▽P=◇P∧◇〜P(解釈:Pが偶然=Pが可能かつPでないことも可能)
▽P=◇P∧〜□P(解釈:Pが偶然=Pが可能かつPが必然ではない)
さて、このような二つの偶然の解釈が出ましたが、「可能と偶然の違いは?」という問題が生じます。脇どののページより失敬した図をご覧下さい。
必然性 | ←………可能性………→ | 不可能性 |
偶然性 |
□P⊃◇P(解釈:Pが必然ならばPは可能である)
は通常真であると考えられます。例えば、論理的真理(ここではP∨〜P)は必然的真理ですが、もちろん現実世界で真です。

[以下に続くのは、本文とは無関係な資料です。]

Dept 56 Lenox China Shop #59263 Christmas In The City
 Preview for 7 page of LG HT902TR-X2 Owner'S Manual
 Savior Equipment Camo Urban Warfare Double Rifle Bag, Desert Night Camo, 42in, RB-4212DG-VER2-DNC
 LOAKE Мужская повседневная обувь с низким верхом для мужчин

現実世界は可能世界のうちの一つですから、Pが可能=少なくとも一つの世界でPが真、より、Pが必然ならばPが可能となります。
このようにして、可能は必然を含みます。ならば、偶然はというと、「可能だけれども必然を含まない(もちろん、不可能も含みません)」という意味になるようです。脇どのの図では、「可能性」という部分がそのまま「偶然」にあたるというわけですね。これについての詳細は次回「アリストテレスにおける様相概念」にて(予定)。以下様相論理における必然、偶然、可能の関係の図。
必然 | ………偶然……… | 不可能 |
可能 | ………可能……… | 不可能 |
必然的真理=すべての可能世界における真理
可能的真理=少なくとも一つの可能世界における真理
可能世界についてはここでは現実世界のような世界がパラレルワールドのようにたくさん存在すると考えてください。そのすべての可能世界で成り立っているPという真理は、別様でありえないから、必然的真理、他方、少なくとも一つの世界で成り立っているQという真理は、別様でありえる、つまり、さらに別の可能世界では〜Qでありえるから、可能的真理となります。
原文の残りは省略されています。